The beliefs block changes whenever beliefs are updated or a different set is retrieved for a new query. If the persona prelude lived in the beliefs block, any belief update would invalidate it and force a re-cache of the full persona text. Since the persona prelude is stable within a session and only regenerates when your belief set changes meaningfully, placing it in the static block means it stays cached across belief retrievals.

How the two blocks combine to meet higher thresholds

For models with a 4,096 token threshold, neither block reliably clears the minimum on its own for a new user with few beliefs. The two blocks work together:

The static block contributes the sidecar instructions and persona prelude. For a user with an established persona this is typically 2,000 to 2,600 tokens depending on the scope variant rendered.
The beliefs block contributes the interpretation rules, pinned facts, and relevant beliefs. For a user with moderate belief data this adds another 600 to 1,500 tokens.

Combined, both blocks clear the 4,096 threshold for most users once they have a session worth of belief data.
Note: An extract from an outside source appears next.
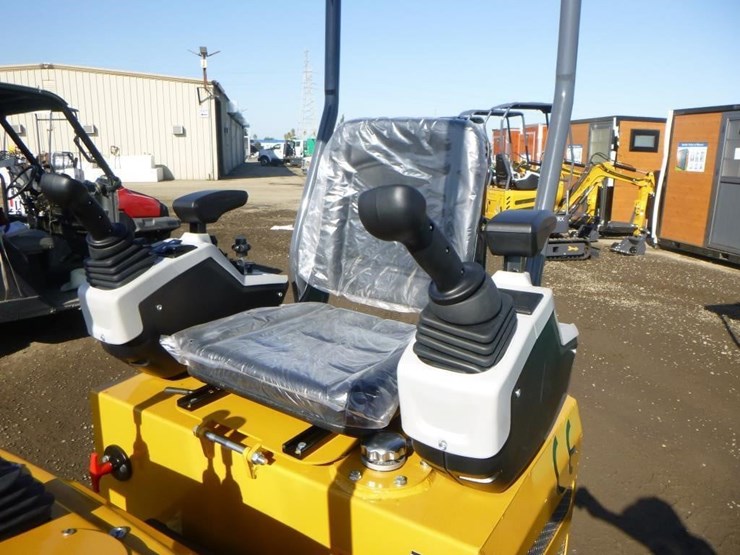 2025-agt-mx12rx-hydraulic-excavator-image-19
Note for new users on Haiku and Opus: The combined total may fall short of the 4,096 threshold during your first session, before extraction has populated enough belief data. If you see no cache hits on day one, this is expected. After one session of extraction the totals will clear the threshold for subsequent sessions.

Provider support

Setup	Caching support
Anthropic direct	Full two-tier caching via `cache_control` blocks. See Anthropic’s prompt caching docs.
LiteLLM	Full two-tier caching; `cache_control` markers are translated to Bedrock `cachePoint` blocks downstream
Bedrock Access Gateway	Single-tier caching via the `prompt_caching` extra body field; BAG handles segmentation internally. See AWS Bedrock prompt caching docs.
OpenAI and generic endpoints	No prompt caching; system prompt is sent as a flat string

For LiteLLM and Bedrock Access Gateway setups, configure the endpoint flavor in the admin UI so Tenure sends the correct caching hints for your gateway. See docs/clients.md for setup instructions by client type.

Verifying cache hits

Anthropic returns cache usage in the response under usage:

{
  "usage": {
    "input_tokens": 142,
    "cache_read_input_tokens": 3847,
    "cache_creation_input_tokens": 0,
    "output_tokens": 581
  }
}

cache_read_input_tokens shows how many tokens were served from cache rather than billed as input. On a session where the static block is cached, expect this number to be substantially larger than input_tokens.